1. Docs
  2. Cloaked AI
  3. Tools
  4. VectorLens
  1. Docs
  2. Cloaked AI
  3. Tools
  4. VectorLens

VectorLens

VectorLens is a command line tool created to provide developers and security professionals with a straightforward path to find insecure embedding vectors in their datastores and to monitor for new potentially vulnerable data. It’s built on many of the concepts from our discussion of embedding attacks and will be updated as new techniques are introduced.

VectorLens currently supports these embedding models; if you have a need for another to support, you can request it here: [all-minilm-l6-v2, bge-m3, gtr-t5-base, text-embedding-ada-002, text-embedding-3-large]

Use Cases

  • Making the case to non-technical decision makers that the threat posed by unencrypted vector embeddings is real.
  • Monitoring encrypted vector datastores to detect when a team introduces new unencrypted PII.
  • Monitoring unencrypted vector datastores that are intended to be PII free for mistakes.
  • Discovering if Cloaked AI makes sense for your data.

See also the FAQs on the product page.

Installation

VectorLens ships as a single self-contained binary. Pick the download that matches your machine, drop it on your PATH, and you’re ready to go.

macOS (Apple Silicon)

For Macs with an M-series chip (M1, M2, M3, M4). VectorLens uses Apple’s built-in Metal GPU on macOS — there is no CPU-only build, and Intel Macs are not supported.

AccelerationDownload
Metal (Apple GPU)ironcore-vector-lens

Linux — ARM 64-bit

For arm64 / aarch64 Linux machines, such as AWS Graviton or Ampere Altra instances.

AccelerationDownloadCompatibility
CPU onlyironcore-vector-lensRuns on any 64-bit ARM Linux
CUDA 12 (NVIDIA GPU)ironcore-vector-lensmanifest.json
CUDA 13 (NVIDIA GPU)ironcore-vector-lensmanifest.json

Linux — Intel / AMD 64-bit

For standard x86_64 Linux machines — the most common server and desktop architecture.
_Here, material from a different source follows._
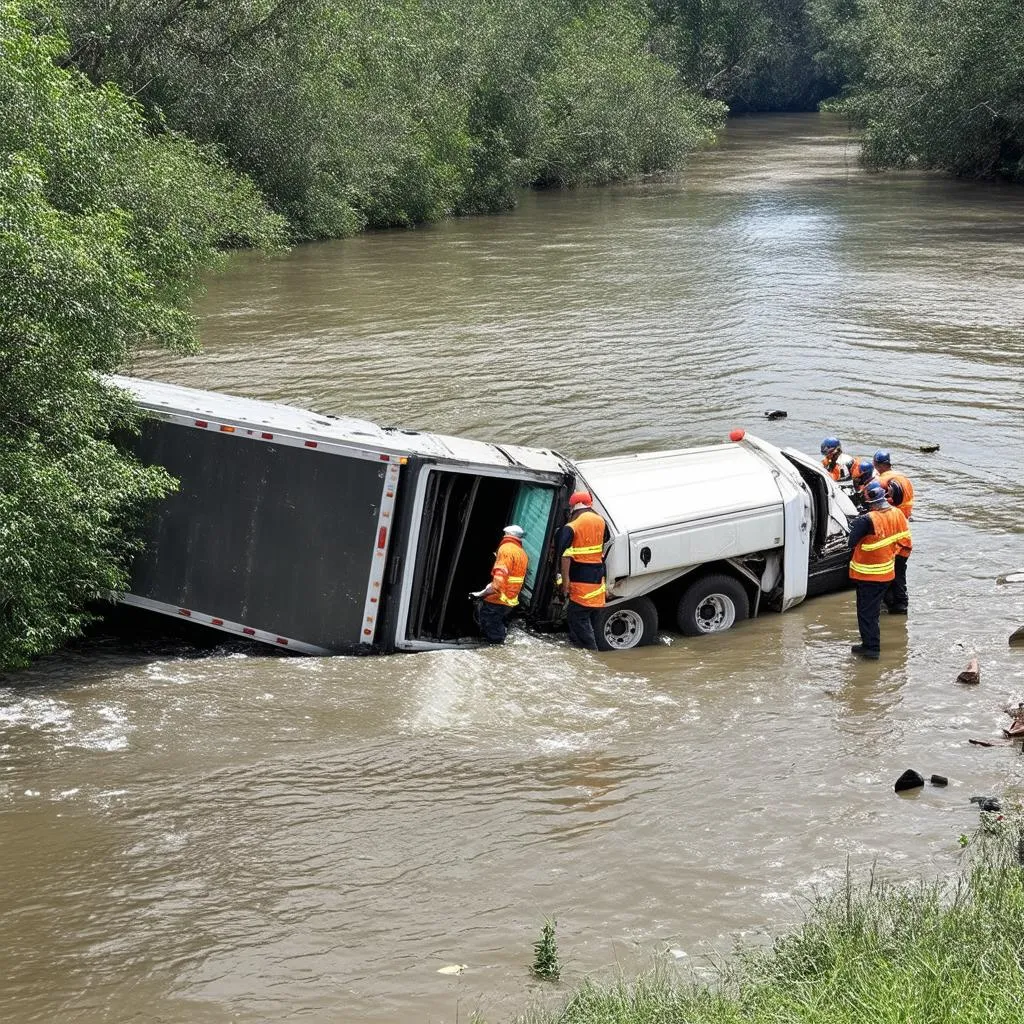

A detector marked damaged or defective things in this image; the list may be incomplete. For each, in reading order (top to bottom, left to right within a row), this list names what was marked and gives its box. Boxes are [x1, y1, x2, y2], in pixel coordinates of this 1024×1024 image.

overturned truck [112, 378, 860, 655]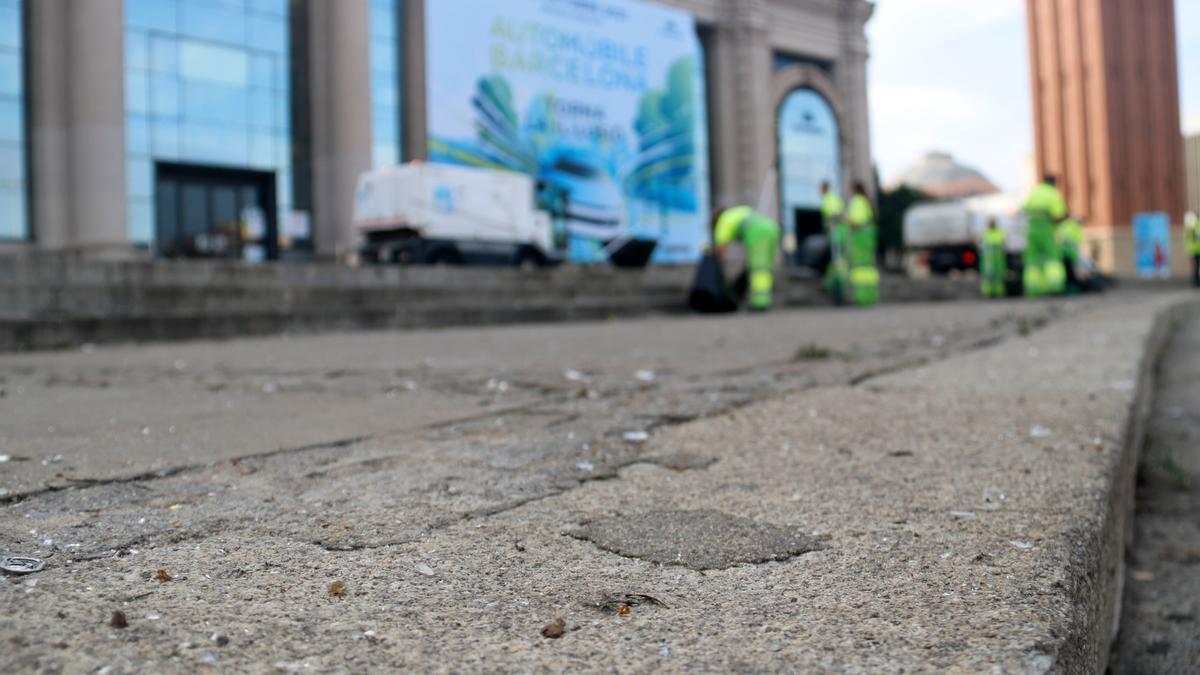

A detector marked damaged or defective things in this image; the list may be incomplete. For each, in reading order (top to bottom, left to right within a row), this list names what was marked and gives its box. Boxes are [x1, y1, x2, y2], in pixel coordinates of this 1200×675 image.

AccelerationDownloadCompatibility
CPU onlyironcore-vector-lensRuns on any 64-bit Intel/AMD Linux
CUDA 12 (NVIDIA GPU)ironcore-vector-lensmanifest.json
CUDA 13 (NVIDIA GPU)ironcore-vector-lensmanifest.json

Choosing a CUDA build

If you have an NVIDIA GPU, a CUDA build will run faster than the CPU build. Each CUDA download has a manifest.json next to it that lists which NVIDIA driver versions, CUDA toolkit versions, and GPU compute capabilities that binary supports.

To choose the right one:

  1. Run nvidia-smi on your machine to see your installed driver version and GPU model.
  2. Open the manifest.json for the build you’re considering.
  3. Confirm your driver version falls in the supported range and your GPU’s compute capability is listed.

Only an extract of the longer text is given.